Data extracts:
--- START ---
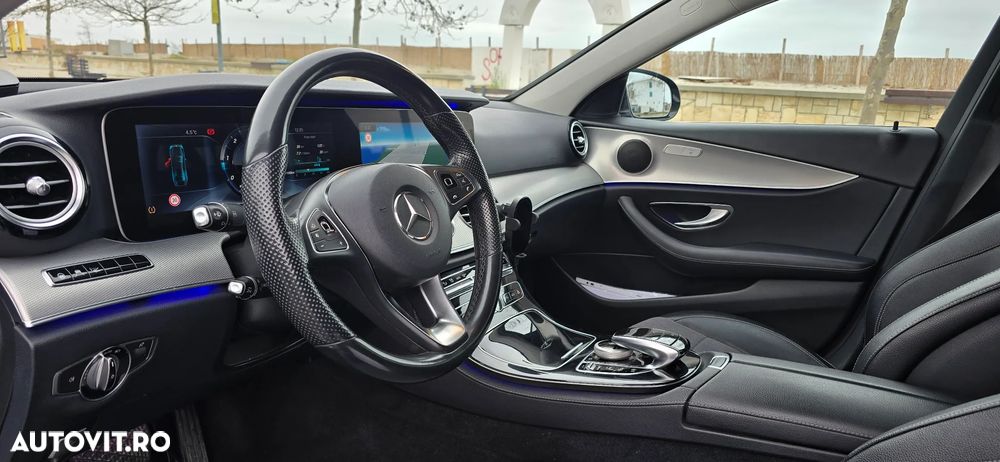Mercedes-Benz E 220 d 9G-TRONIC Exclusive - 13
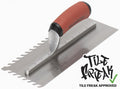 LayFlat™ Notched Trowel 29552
--- END ---
--- START ---
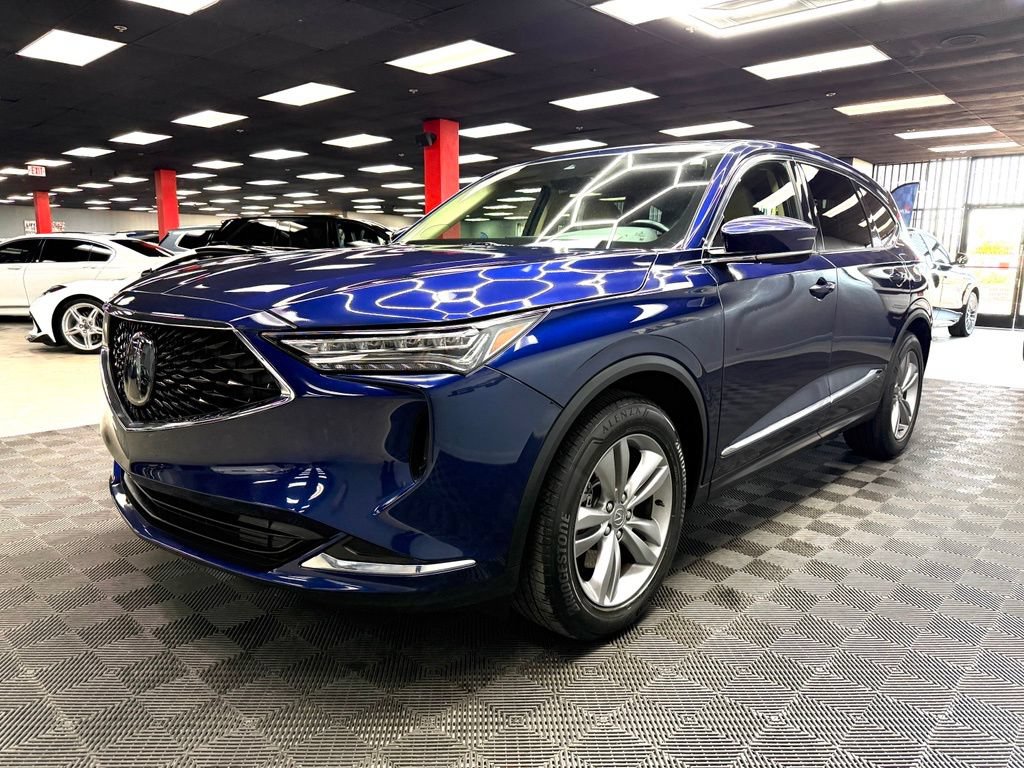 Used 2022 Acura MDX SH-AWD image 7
--- END ---
Activity: Give back exactly the lines above from the one with "Mercedes-Benz E 220" through the one with "LayFlat™ Notched Trowel 29552", both included. Pictures don't belong in the copy.

Exercise output:
Mercedes-Benz E 220 d 9G-TRONIC Exclusive - 13
 LayFlat™ Notched Trowel 29552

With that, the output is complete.